10.01.2023
Soru: Bu oturumda Bedava kavramını ele alacağız. “Bedava nedir? Sizin için bedava nedir?”
Hasan: Kişinin kendisinde bir çoğalmaya yol açan şeylerin karşılığında ekonomik, fiziksel, düşünsel, duygusal olarak bedel ödememesini anlıyorum. Görünürde bu değişimlerde takas edilen şeyler için taraflardan biri ya da birileri adına artış, diğer taraf ya da taraflar adına azalış gözlenmektedir. Bu takas işleminin gerçekleştiği anda bedel ödenmesi görülmüyorsa bedava diyoruz.

The Dance to the Music of Time – Nicolas Poussin
Ayda: İlk soruya ek olarak bir soru daha iliştirmek istiyorum, sence bu kavrama neden ihtiyaç duyduk?
Uhri: Bir kavramın somut veya soyut olduğunu ayırmak için; insanı doğadan çıkartırsak kavram yaşıyorsa kavramı somut, insanla birlikte o kavram da kayboluyorsa soyut kavramdır diye ayırıyorum. Bu ayrım ile bedava soyut bir kavramdır. Bu kavram, gizleme ihtiyacımızı karşıladığı için icat ettiklerimizden gibi görünüyor. Neleri gizliyor? Sahiplenmeyi, mülkiyeti, takası, bedelleşmeyi gizliyor. Daha yalın ifadeyle Kapitalizmi ve bencilliği gizliyor.

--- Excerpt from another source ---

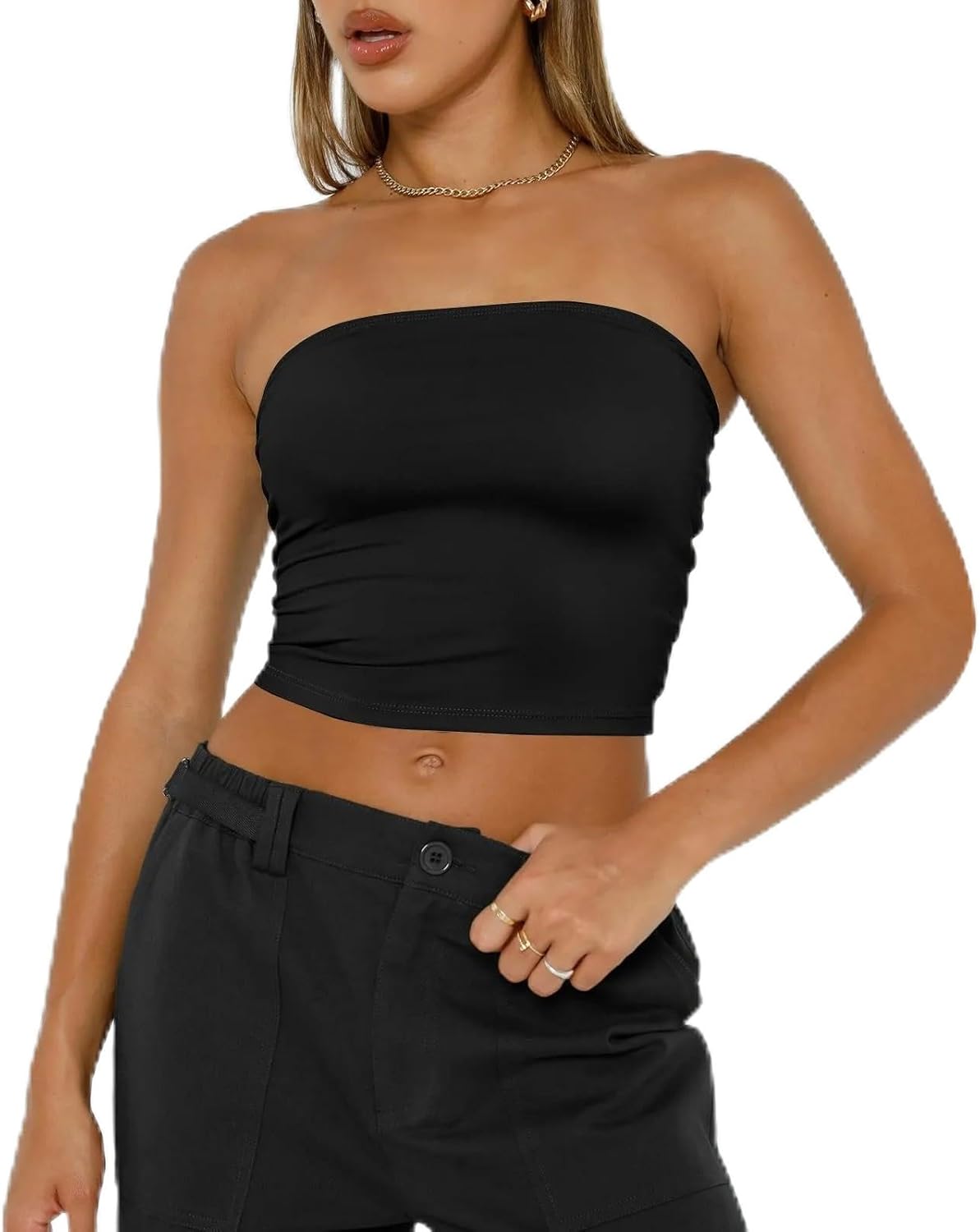 Misharen Women's Sexy Crop Top Sleeveless Stretchy Solid Strapless Tube Top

Ayda: Sanat eseri bedava mıdır?
Mesut: Sanat eserinin üretildiğinde bir değeri var ve bu ücretsiz. Sonradan değer biçiyoruz. Afrikalı sanatçı Usman, mekânsal yerleştirme ile Afrika’nın çeşitli bölgelerine bulduğu taş, kemik vb objeler ile yaratıp bıraktığı eserlerini toplanıp sergiliyor. Bunun sanatsal bir icraat olduğu sonradan anlaşılıyor. Ben çok sonrasında ciddi bedel ödeyerek gezebilmiştim. Kavramı nesneden kaynaklanan değerden değil, sonradan biçtiğimiz bedel üzerinden düşünüyoruz.
Ayda: Beleş bedava mıdır?
Kiper: Beleşin bedeli ağırdır. Bedava karşılık ödemeden edindiğimiz değerlerdir diyebilirim. Kırsal bölgelerde hala yaşatılmaya çalışılan Allah ne verdiyse diyerek misafir olmak şeklinde geleneklerimiz var. Çeşmeler, hayratlar, sebiller, lokma dağıtılması, düğün ve cenaze yemekleri gibi şehir yaşantısına uyum sağlamış geleneklerimiz de var. Bunlarda bedel söz konusu olmasa bile minnet duyulması bekleniyor veya umuluyor. Sosyal hayatın çeşitlenmesi ile bunlar promosyon, eşantiyon gibi dönemlik uygulamalara dönüştü. Nereden geldiği belli olmayan eşantiyonlar, promosyonlar ise rüşvetin gizleyicisi haline dönüştü.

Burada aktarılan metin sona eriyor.